The Ig Nobel Prizes: The Annals of Improbable Research, Marc Abrahams, Dutton, 2003
This book brings together two areas of human endeavor that don't normally go together: science and humor. The Ig Nobel Awards (actually held every year at Harvard University) honor those achievements which "cannot or should not be reproduced."
Did you know that elevator music may help prevent the common cold? Companies like Enron, Global Crossing, Tyco, Waste Management and WorldCom shared an award for adapting the mathematical concept of imaginary numbers for use in the business world. A man from Lithuania created an amusement park called Stalin World. To save money, the British Royal Navy has barred trainees at its top gunnery school from firing live shells and ordered them to shout "bang." It has been determined that, biochemically, romantic love may be indistinguishable from severe obsessive-compulsive disorder. A college professor from Pennsylvania fed prozac to clams (at the cellular level, clams and humans show remarkable nervous system similarities), resulting in a whole lot of reproducing going on. A man from France is the only winner of two Ig Nobels, for demonstrating that water has a memory, and that the information can be transmitted over the phone and the Internet.

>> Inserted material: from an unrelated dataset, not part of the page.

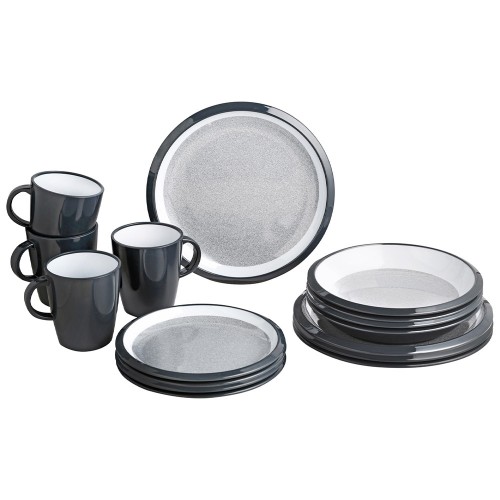 Tableware set - Melamine Dinnerware Set Lunch Box Granyte 16pcs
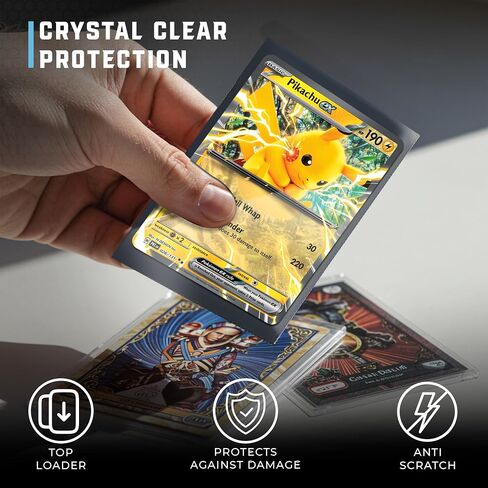 CardGuard Premium Clear Card Sleeves, 100ct – Standard Size Penny Sleeves for Pokémon, Sports Cards, Baseball, Football, and Collectible Trading Cards – Acid-Free, PVC-Free, Durable Protection in Kuwait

Then there are the "classics," like the scientific investigation of why toast often falls on the buttered side; an Australian man who patented the wheel, and the Australian Patent Office who granted it; a man from Arizona who invented software that detects when a cat is walking across your keyboard; the Southern Baptist Church of Alabama for their county-by-county estimate of how many Alabama citizens will go to hell if they don't repent; the sociology of Canadian donut shops, and the optimal way to dunk a biscuit. Last but not least, a solution has been found to the age-old problem of how to quickly start a barbecue. It can be done in less than four seconds with charcoal - and liquid oxygen.
This book is hilarious. It's humor of a slightly more highbrow variety, designed to make people laugh, then think. It's highly recommended for everyone, even those who think that they hate science.